Look back to the 2008 financial crash: it was supposed to reveal the fundamental flaws in a global, neoliberal economic system and begin a debate about how to build an alternative. Books such as The Price of Inequality by Nobel prize winner Joseph Stiglitz were supposed to get us all thinking about how a postwar consensus had run its course. Stephen D King’s award-winning opus When the Money Runs Out: The End of Western Affluence appeared a year later, in 2013.

Like Stiglitz and so many other commentators, King, a former chief economist at HSBC, wrote and published his book during the post-crash period of high oil prices. Just like today, Brent crude above $100 a barrel was having a crippling effect on the global economy.

Alongside the pressing issue of inequality, there was talk about climate change and how high fuel prices would spur a switch to low-carbon energy, force manufacturers to cut their emissions and make obvious the benefits of insulating Britain’s homes against colder and hotter weather.

It didn’t take long for the Cassandras to be sidelined. By 2015, prices for oil and gas had dropped like a stone, along with those of most commodities. EU economies were still struggling with debts, but the majority of voters could shop for cheap clothes, cheap food and cheap flights to myriad destinations.
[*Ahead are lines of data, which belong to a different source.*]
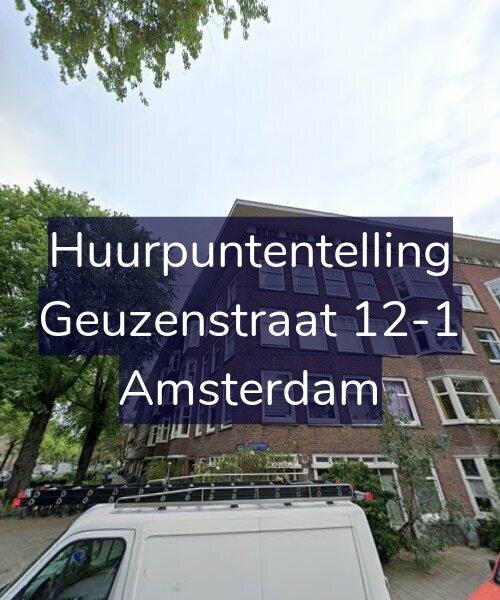 Foto gevel Huurpuntentelling voor Geuzenstraat 12-1, Amsterdam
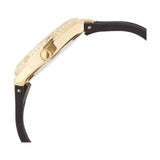 Guess Cosmo Diamonds Gold Dial Black Rubber Strap Watch for Women - GW0034L1 Authentic Buy Shop Now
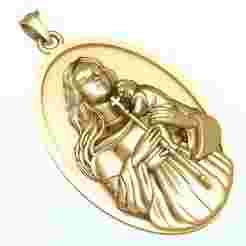 Virgin Mary Pendant Necklace – Christian Jewelry Necklace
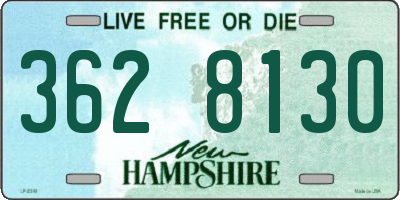 NH license plate 3628130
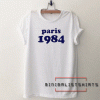 Paris 1984 Graphic Tee Shirt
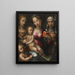 La Vierge à l'Enfant avec sainte Anne-Catherine et saint Jean-Baptiste enfant - Giorgio di Giovanni — quadro incorniciato alla parete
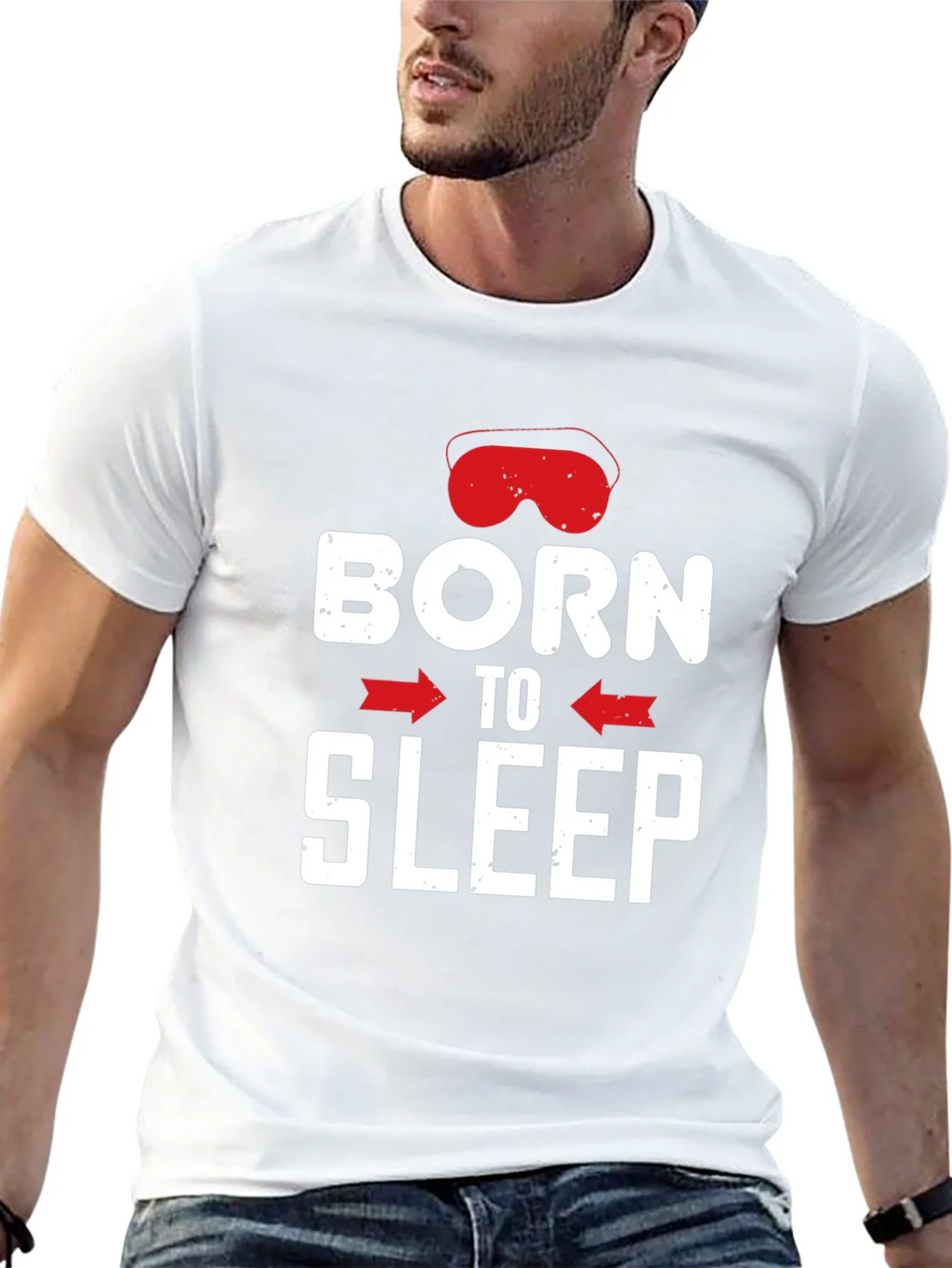 Born to Sleep Graphic Tee - Black Cotton T-Shirt product image 10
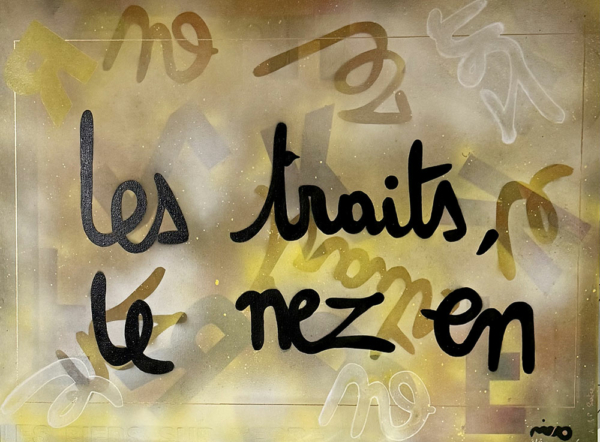 Mimo Script Art / les traits le nez en
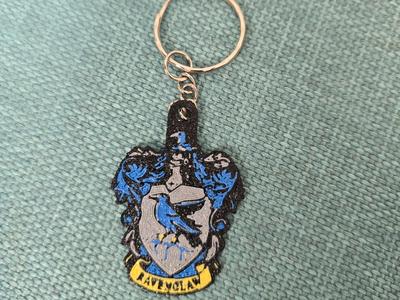 Portachiavi Harry Potter RavenClaw Hogwarts Arte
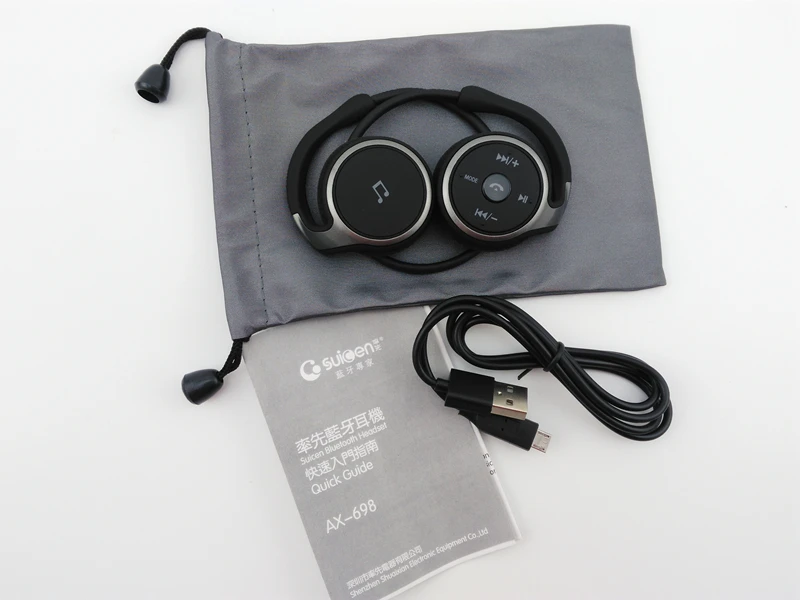 RAVI AX 698 Спортивные наушники Bluetooth играть карты памяти FM радио портативный Шейным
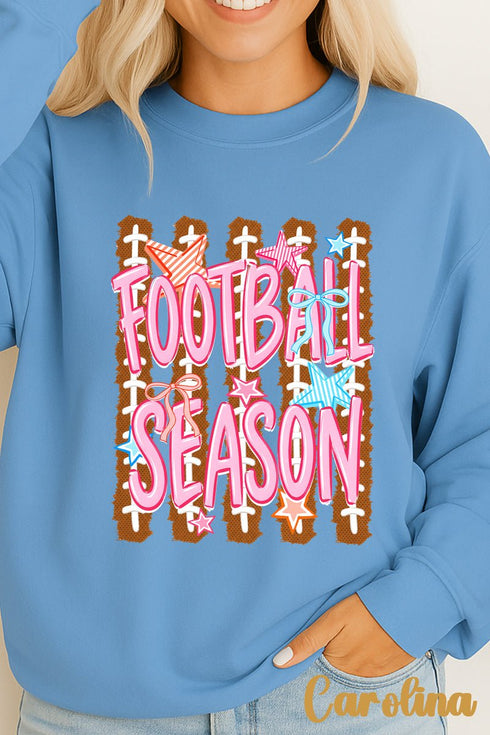 Football Season Energy Heavy Cotton Long Sleeve Adult T-Shirt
In the same year, David Cameron scrapped Ed Miliband’s strict housebuilding rules, allowing developers to build flashy estates with as much insulation as a wedding marquee. By 2019, diesel-guzzling SUVs accounted for more than a quarter of new cars sold in the UK and Ryanair had recorded four years of bumper profits.

Tens of millions of people were still affected by the aftermath of the crash. They were reluctant to change job for fear of losing what benefits they had accrued. Banks were more circumspect about giving out loans, excluding young people from taking out mortgages unless they had mum-and-dad cash. But they could kid themselves that their lives had returned to something like normal.

Truss appeals to voters, much as Boris Johnson did, with a confidence born of experience – that if we just wait a little longer, the usual terms of economic life will return.

After a brief downturn, runs this argument, the war in Ukraine will end, gas prices will decline along with other commodities and inflation will fall back to 2% or below.

Central banks, including the Bank of England, will cut interest rates back towards zero and we can carry on borrowing to purchase property or to buy the kitchen/patio/conservatory we have always dreamed of.

This optimism is a trap for Labour, which can only appear miserably austere in response.

If you believe the money is running out – and it is – then quite radical changes to the mix of tax and spending are needed.

Keir Starmer is already talking about shifting the tax burden on to the better paid to fund the long list of demands that always lie in wait for a Labour prime minister – higher spending on education, health, social services and international aid among them. Then there is the transport agenda at the heart of levelling up.

There was a time when much of this could be funded out of defence cuts. Yet even that is off the table in the current spending arms race.

Starmer is probably hoping, like Truss, that we will have reverted to the old laws of economics by the next election. That seems unlikely.